However, the old House of Wessex did have a more remote claimant. His name was Edgar the Aethling. He was the grandson of King Edmond Ironside, who had a very brief reign until his defeat at the hands of the first Danish ruler of England, King Canute. Canute took the English crown in Edmond’s place in 1016, with Edmond dying later that year.

Edmond’s son, Edward Aethling, or Edward the Exile, retreated to Hungary, where Edgar was born and brought up. The Confessor had actually named Edgar’s father as his heir in 1056, although Edward the Exile died a year later, and whether Edgar should automatically inherit that nomination was not really made clear. Nonetheless, 50 years on from Canute’s victory, the Witan decided to elect Edgar to be the new King to succeed Harold II, restoring the House of Wessex.

However, within weeks William besieged London, and demanded the throne by right of conquest. The Saxon Earls, including Edgar himself, soon submitted to him, and Edgar’s reign ended without him ever being crowned. And so it was that William, Duke of Normandy, was crowned King William I on Christmas Day 1066.

Despite his Hungarian upbringing and Saxon background, Edgar was to be a significant player at the court of the first three Norman Kings, and became a major figure in the struggles to secure the Scottish border.

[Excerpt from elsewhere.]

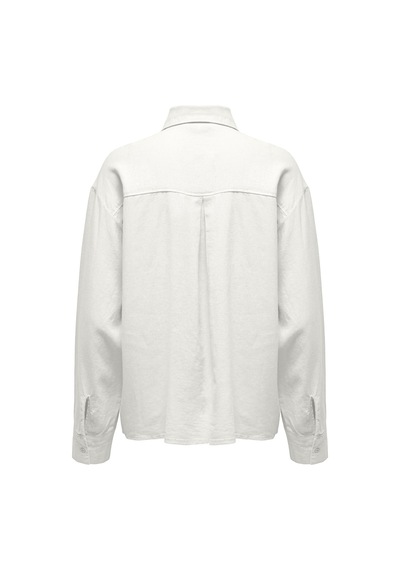 Only Kadın Cepli Keten Gömlek Oversize Fit Onlcaro - 15278795 001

Edgar’s niece, Matilda of Scotland (christened Edith), married Henry I of England, son of William the Conqueror, thus reconnecting the House of Wessex to the new Norman Royal line, and adding an air of legitimacy to the Norman succession from a Saxon perspective.

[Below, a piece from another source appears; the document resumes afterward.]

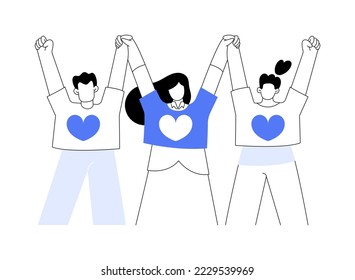 Supporting volunteering abstract concept vector illustration. Community service, public health volunteering, psychological support during outbreak, qualified medical aid abstract metaphor.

19) Macduff (or “King Duff” to give his correct name) died over thirty years before King Macbeth was even born.

According to William Shakespeare’s popular tragedy, Macbeth, an ambitious Scottish thane of the 11th Century, Lord Macbeth, murdered his way to the throne of all Scotland by assassinating the incumbent King Duncan. The play then has it that Macbeth became paranoid to the point of madness that having set such a blood-soaked precedent, he would be overthrown in a similarly violent manner, and started bumping off the rest of the Scottish aristocracy. Then one brave, honourable lord, Macduff, emerged from exile to slay Macbeth and put the crown on the head of the rightful King, Malcolm III.

Now please do not get me wrong. I am not knocking the play as a work of literature or as a drama. Macbeth is a fine story and I enjoy a good performance of it. And yes, some of the background details above are loosely correct. But in the end, Macbeth is not history. It is no more an accurate look at early Scottish history than the 1995 movie Braveheart is an accurate look at the Wars of Scottish Independence.

For one thing, the historical Macbeth was King of Alba, not of Scotland, which could not be said to have united into a single entity yet (Strathclyde and Lothian in the south had not yet been annexed). It is true that Macbeth was responsible for the death of Duncan I, but he did not murder him with a knife in the towers of a castle in the dead of night. Instead, Duncan died on the battlefield at the hands of Macbeth’s troops at the Battle of Bothnagowan in Moray, in the year 1040.

And above all, Macbeth’s demise was certainly not the work of Macduff. The historical figure Macduff is based on was actually just called King Duff, or Duff MacMalcolm, and he was a previous King of Alba, who is understood to have reigned from 962 to his death in 967.

As Macbeth was not even born until 1005, and lived until 1057, it is perfectly impossible that Duff ever met him, let alone slew him.

20) There were two “William the Conquerors” of England.

When people talk about William The Conqueror of England, the correct response should really be, “Which one?” William I, Duke of Normandy and first of the Norman line of Kings, is the one we all know of, but the seventeenth century gave us another who should be more famous than he is. We make ourselves feel better about his successful invasion by calling his reign a “Glorious Revolution,” rather than the conquest it undoubtedly was.

During the reign of James VII of Scotland and II of England, it was becoming very clear by 1688 that the King was making moves to return both Kingdoms to Catholicism against their will. James’ daughter Mary was married to William of Orange, Chief Stathauder of the Dutch Republic, who was also her maternal cousin and James’ nephew. William and Mary were both Protestants, and the English nobility invited them to invade England, remove James, and succeed him.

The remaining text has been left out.